(Records excerpted from a collection)
=== Begin Enclosure ===

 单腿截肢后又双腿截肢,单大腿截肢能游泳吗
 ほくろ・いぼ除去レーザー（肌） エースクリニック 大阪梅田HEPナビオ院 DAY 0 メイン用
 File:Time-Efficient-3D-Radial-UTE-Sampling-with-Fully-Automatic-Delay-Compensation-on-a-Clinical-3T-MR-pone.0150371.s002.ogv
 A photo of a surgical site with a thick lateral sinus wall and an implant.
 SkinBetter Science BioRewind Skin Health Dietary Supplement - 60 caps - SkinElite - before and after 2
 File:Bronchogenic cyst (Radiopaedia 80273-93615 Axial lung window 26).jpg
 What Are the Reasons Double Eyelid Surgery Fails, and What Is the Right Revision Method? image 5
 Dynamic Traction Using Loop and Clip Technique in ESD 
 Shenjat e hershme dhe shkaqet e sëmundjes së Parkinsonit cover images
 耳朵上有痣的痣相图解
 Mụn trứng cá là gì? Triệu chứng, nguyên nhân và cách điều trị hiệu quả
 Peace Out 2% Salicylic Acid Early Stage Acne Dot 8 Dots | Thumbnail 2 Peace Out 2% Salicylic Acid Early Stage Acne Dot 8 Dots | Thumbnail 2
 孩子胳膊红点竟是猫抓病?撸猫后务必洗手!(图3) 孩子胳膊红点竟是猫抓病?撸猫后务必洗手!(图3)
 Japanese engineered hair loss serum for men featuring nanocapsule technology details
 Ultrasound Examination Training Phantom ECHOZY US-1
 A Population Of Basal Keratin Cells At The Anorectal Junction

=== End Enclosure ===

WHAT IS NEEDED
Every line above should be output exactly as it stands.

RESULT OF THIS EXERCISE
 单腿截肢后又双腿截肢,单大腿截肢能游泳吗
 ほくろ・いぼ除去レーザー（肌） エースクリニック 大阪梅田HEPナビオ院 DAY 0 メイン用
 File:Time-Efficient-3D-Radial-UTE-Sampling-with-Fully-Automatic-Delay-Compensation-on-a-Clinical-3T-MR-pone.0150371.s002.ogv
 A photo of a surgical site with a thick lateral sinus wall and an implant.
 SkinBetter Science BioRewind Skin Health Dietary Supplement - 60 caps - SkinElite - before and after 2
 File:Bronchogenic cyst (Radiopaedia 80273-93615 Axial lung window 26).jpg
 What Are the Reasons Double Eyelid Surgery Fails, and What Is the Right Revision Method? image 5
 Dynamic Traction Using Loop and Clip Technique in ESD 
 Shenjat e hershme dhe shkaqet e sëmundjes së Parkinsonit cover images
 耳朵上有痣的痣相图解
 Mụn trứng cá là gì? Triệu chứng, nguyên nhân và cách điều trị hiệu quả
 Peace Out 2% Salicylic Acid Early Stage Acne Dot 8 Dots | Thumbnail 2 Peace Out 2% Salicylic Acid Early Stage Acne Dot 8 Dots | Thumbnail 2
 孩子胳膊红点竟是猫抓病?撸猫后务必洗手!(图3) 孩子胳膊红点竟是猫抓病?撸猫后务必洗手!(图3)
 Japanese engineered hair loss serum for men featuring nanocapsule technology details
 Ultrasound Examination Training Phantom ECHOZY US-1
 A Population Of Basal Keratin Cells At The Anorectal Junction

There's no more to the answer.